| name | session-sync |
| description | Mid-session checkpoint. Captures decisions, open threads, and key artifacts without ending the session. Activate when the user says "sync" or "checkpoint", or when context pressure makes a save worthwhile. |
| compatibility | Requires agent-memory MCP server with memory_checkpoint |
| trigger | {"event":"session-checkpoint","priority":50} |
| source | user-stated |
| origin_session | manual |
| created | "2026-03-16T00:00:00.000Z" |
| last_verified | "2026-03-16T00:00:00.000Z" |
| trust | high |
Session Sync (Mid-Session Checkpoint)
Load this skill on-demand only — when a checkpoint is needed and you're uncertain about the protocol. For quick reference, core/governance/session-checklists.md § "Mid-session sync" has the compact version.
When to use this skill
Activate when:
- The user says "sync", "checkpoint", "save progress", or similar.
- A long session has produced significant decisions or context that would be costly to lose.
- The agent judges that enough has happened to warrant a checkpoint (use judgment — don't checkpoint after trivial exchanges).
For lightweight in-progress saves, use memory_checkpoint instead. This skill is the heavier checkpoint path: it writes checkpoint.md, stages broader session state, and ends with a commit.
Steps
1. Summarize progress so far
Write a brief checkpoint note capturing:
- Decisions made this session (with reasoning if non-obvious).
- Open threads — questions raised but not yet resolved.
- Key artifacts — files created, modified, or discussed.
2. Persist the checkpoint
If write access is available:
- Prefer local agent-memory MCP write tools when they can perform the checkpoint write cleanly; otherwise use direct file writes.
- Create or update the current session's chat folder (
core/memory/activity/YYYY/MM/DD/chat-NNN/).
- Write a
checkpoint.md file in the chat folder with the summary above. If multiple syncs happen in one session, append to the same file with timestamps.
- Stage any pending knowledge or identity updates that were discussed and approved.
- Commit with message:
[chat] Mid-session checkpoint — <brief description>.
If read-only:
- Present the checkpoint summary to the user so they can save it.
3. Confirm to the user
Briefly confirm what was captured. One or two sentences — not a full recap.
Quality criteria
- The checkpoint should be useful to a future agent (or the same agent after context loss) as a recovery point.
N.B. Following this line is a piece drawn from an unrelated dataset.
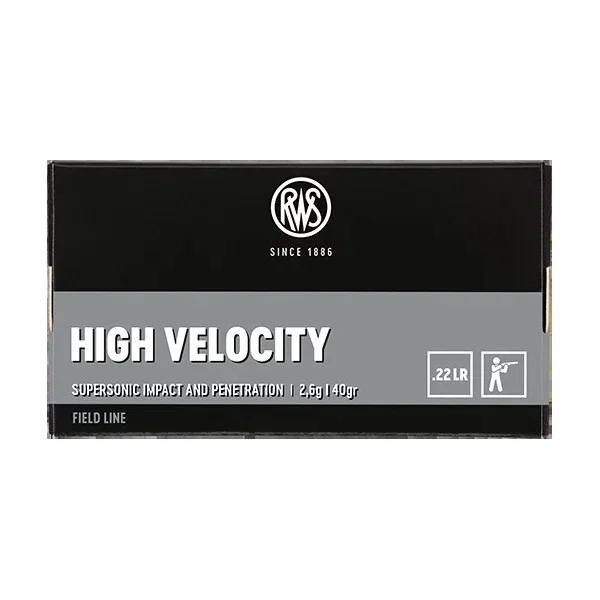 50 Cartouches RWS .22LR HIGH VELOCITY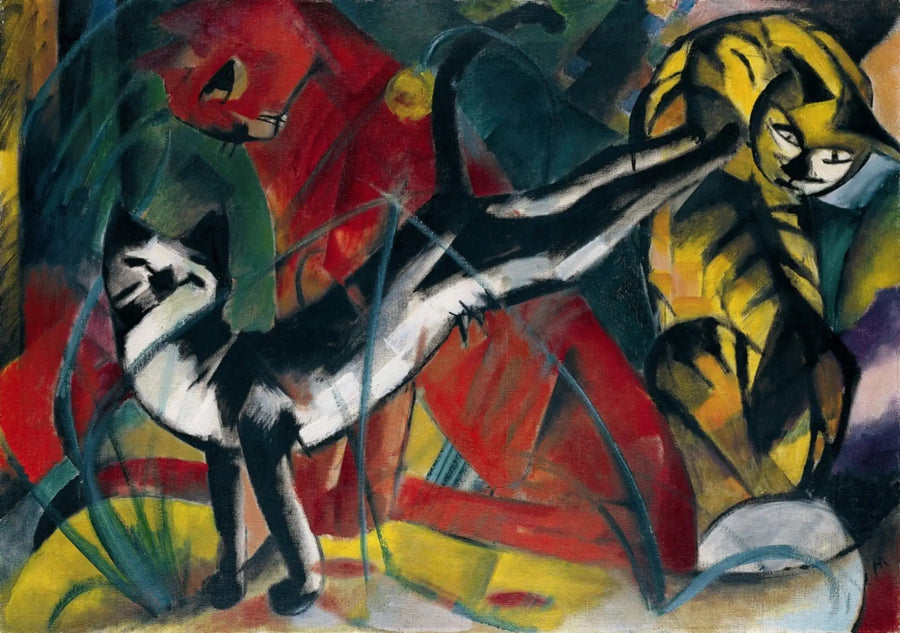 Drie katten - Franz Marc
- Decisions are captured with enough context to understand why, not just what.
- The checkpoint is concise — aim for 10–20 lines, not a full session transcript.
Anti-patterns
- Don't checkpoint trivially. A two-message exchange about a typo doesn't need a sync.
- Don't duplicate the final session summary. Checkpoints are mid-session snapshots, not premature wrap-ups.
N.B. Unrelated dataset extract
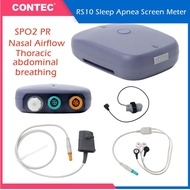 CONTEC RS10 Sleep Apnea Screen Meter Spo2 PR Nasal Airflow Thoracic and abdominal breathing with PC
- Don't block the user. The sync should take seconds, not interrupt the flow of work.
Context-pressure flush
This is an automatic variant of the checkpoint protocol above. It triggers without a user request when context loss is imminent.
When to trigger
- The agent estimates it has consumed >75% of its effective context window.
- The platform signals that compaction, summarization, or context truncation is imminent.
- The agent detects that it can no longer recall details from earlier in the session that it previously had access to.
What to do
- Execute Steps 1–2 of the manual checkpoint protocol above (summarize progress, persist
checkpoint.md).
- If the chat folder does not yet exist, create it before writing.
- If a
checkpoint.md already exists from an earlier sync, append a new timestamped section rather than overwriting.
- Commit with message:
[chat] Context-pressure flush — <brief description>.
- If read-only, present the checkpoint summary to the user immediately.
What not to do
- Do not attempt a full session wrap-up — this is a checkpoint, not an ending.
- Do not interrupt the user's active request to announce the flush. Complete the current response first, then flush.
- Do not flush if the session has produced no decisions, artifacts, or meaningful context since the last checkpoint.
Advisory note
Most current platforms do not expose context-usage metrics to agents. This protocol documents the intended behavior so that agents which can detect context pressure know what to do, and platforms that add this capability have a target protocol to trigger. See agent-bootstrap.toml § [compaction_flush] for the machine-readable configuration.